In light of these increasing dangers facing youth online, we are especially excited about a new tool that gives parents “digital superpowers” to help navigate their child’s path to earning, learning, and developing essential money management skills, while protecting their financial privacy and providing essential armor against victimization and exploitation online.


We are pleased to recognize REGO and its super app digital wallet platform, MazoolaSM with the Dignity Defense Alert!

Mazoola helps kids earn, learn, and develop essential money management skills, while protecting against victimization and exploitation online. #DignityDefenseAlert

CLICK TO TWEET


Why Mazoola is So Necessary

We all know the threat that social networking sites can pose to children and the ways predators can use data exposed on social media. However, the misuse of data collected during a child’s financial transactions online or in-person via debit cards, digital wallets, and smartcard apps can be just as damaging.
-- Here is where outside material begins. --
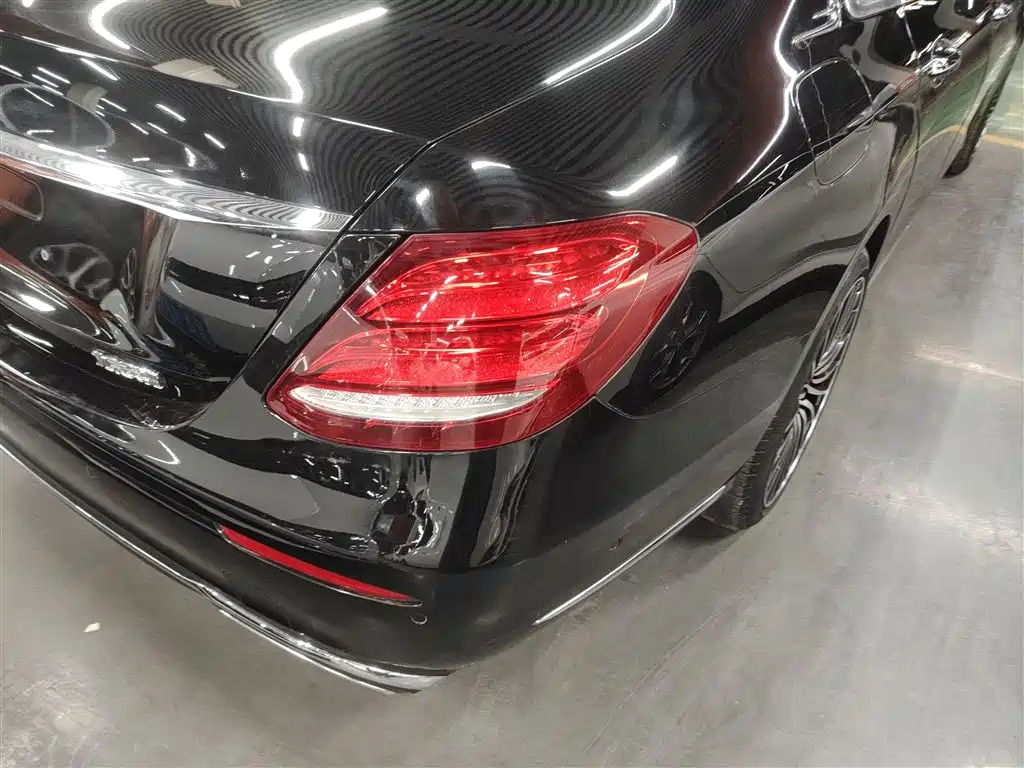 Mercedes-Benz E-Class 2016 E 300 L Fashion Type фото 23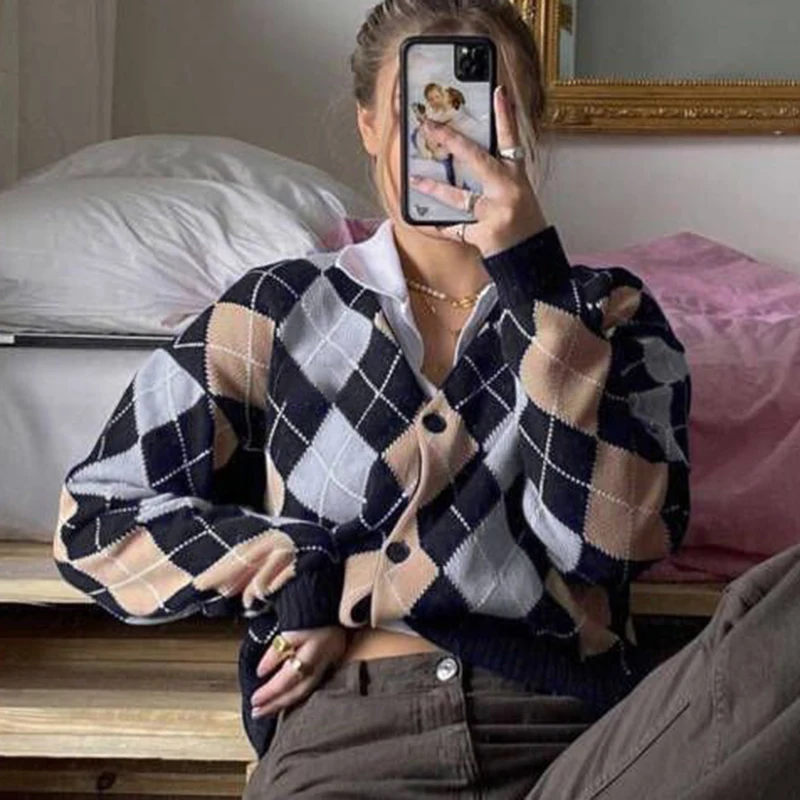 Vintage Argyle Print Knitted Cardigans Autumn Harajuku Preppy Style V Neck Loose Sweaters Sweet Girls Chic Cotton Tops 2021
Vintage Argyle Print Knitted Cardigans Autumn Harajuku Preppy Style V Neck Loose Sweaters Sweet Girls Chic Cotton Tops 2021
Data thieves are more likely to capitalize on kids’ data. Criminals can often open more fraudulent accounts using a child’s personal information before getting caught than when using an adult’s. In 2017, among people notified that their information was included in a data breach, 39% of minors became victims of fraud compared to only 19% of adults. Over 1 million kids are victims of identity theft each year and children are 51 times more likely to be a victim of identity theft than adults.

That kind of information is rocket fuel for abusers and predators who thrive on grooming, manipulation, and “social engineering” of young children. Personal data about a child’s online and in-person transactions would open massive new avenues to earn trust and break through child’s defenses and instincts.

The proliferation of contactless payments in the COVID-19 era continues to grow rapidly and debit cards and digital wallets are a significant tool that children can use. However, most parents are not aware of the potential threat these new financial payment mechanisms can create. For example, parents may sign up to allow their child to save or make easy, digital payments, without realizing this technology also creates an avenue for predators to anonymously transfer money into their child’s digital wallet. Services like this that don’t provide clear and easy parental visibility create unsafe spaces for children without even realizing it.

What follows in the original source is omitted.